Monday, March 08, 2010

THE GREAT ANT ESCAPE

It took humans about three years and countless hours of planning to rebuild San Francisco's California Academy of Sciences—but less than a year for the leaf cutter ants to figure a way to bust out.
Thousands of ants on exhibit at the museum were put under lockdown last summer after workers discovered they had bored passages inside a feeding tree near their nest in a mock rain forest, which allowed them to flee their enclosure. A new artificial tree has been installed, but officials say the ants will remain locked up for a few more weeks until officials can be sure they don't escape again.
"The ants decided they would like to expand their territory—and proved that they were smarter than the humans who designed their display," says Stephanie Stone, an academy spokeswoman.
Much has been written about the wonders of the academy since it reopened in Golden Gate Park in September 2008 after a $500 million revamp. The academy now boasts a state-of-the-art environmental design with a planted "living roof" and popular attractions such as a living coral reef and a four-story tropical rain forest. Almost three million people have visited since the reopening, allowing the nonprofit to break even on expenses, officials say.
Still, academy officials say a few creatures are besting their carefully laid plans. As a result, workers are having to wage a behind-the-scenes battle against some of the museum's 38,000 living specimens.
One conflict involves a 12-inch monitor lizard, which last spring burrowed into some openings in the articifical rock behind its cage. That forced biologists to use a tiny remote camera to find its hiding place. New rockwork with no openings was later installed, say officials.
In the academy's Steinhart Aquarium, workers have been trying unsuccessfully for two months to remove a zebra moray eel so a veterinarian can inspect a growth on its head, says Bart Shepherd, the aquarium's curator.
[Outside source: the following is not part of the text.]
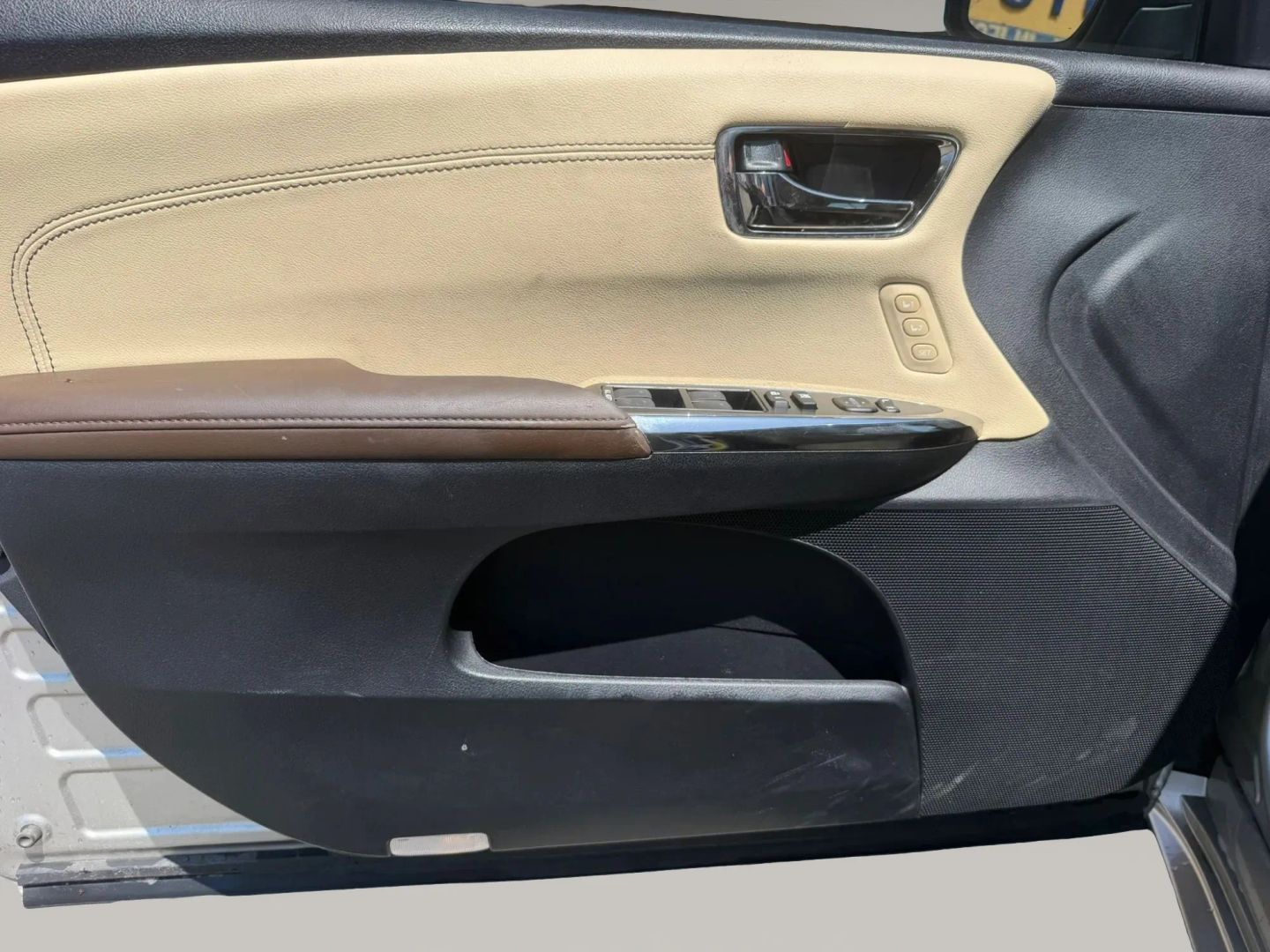 Photo 9 of this Toyota Avalon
But though the eel resides in a relatively small, 300-gallon tank, he says it has figured out how to elude capture by wedging itself in some rocks.
"We want to have all these animals under control because this is a controlled environment," Mr. Shepherd says. "But when you reproduce the natural environment, then they have an advantage."
The academy's biologists have learned from some past mistakes. About 10 years ago, Mr. Shepherd says, crabs kept mysteriously disappearing from a tank in the old academy. The culprit was a giant octopus two tanks over, which used its tentacles to sneak out at night and snatch crabs, he says. The octopus tank has since been wrapped in AstroTurf.
In the new academy, officials thought they had designed a foolproof enclosure for the leaf cutter ants, so named because they cut leaves to make fungus gardens. The ants' nest was embedded in rock made of concrete and fiberglass, with windows for visitors to watch. A vine made of plastic connected the nest to a 20-foot-tall tree stump also made of concrete and fiberglass. It was put in a pond away from other trees, so the ants would have no way to escape to the rest of the forest, says Mr. Shepherd.
For months, visitors marveled as the leaf cutters marched along the vine. But in June, biologists noticed the ants were going inside the stump and not back to their nest. They discovered the colony had excavated new nest chambers in the foam inside the stump by chewing up and carting out tiny pieces of the fiberglass. They also had built a network of fungus gardens inside.
If the ants had escaped, officials say the critters could have damaged mahogany and other trees in a 90-foot-diameter glass dome enclosing the rain forest. "What we don't want is for them to be free-ranging the forest," Mr. Shepherd says.
Academy workers quickly locked the ants inside their old nest, giving them access only to an "ante" chamber built into the same artificial rock where leaves are loaded in for them to harvest, Mr. Shepherd says. Workers recently installed an eight-foot-high stump, which this time was filled with concrete and topped with a large plastic bowl where leaves will be placed. The sides of the bowl are coated with liquid Teflon to discourage climbing.
Meanwhile, a new vine is being constructed to the ant nest 15 feet away. "We'll see if this works," Mr. Shepherd says, adding that he hopes humans this time will outsmart the ants.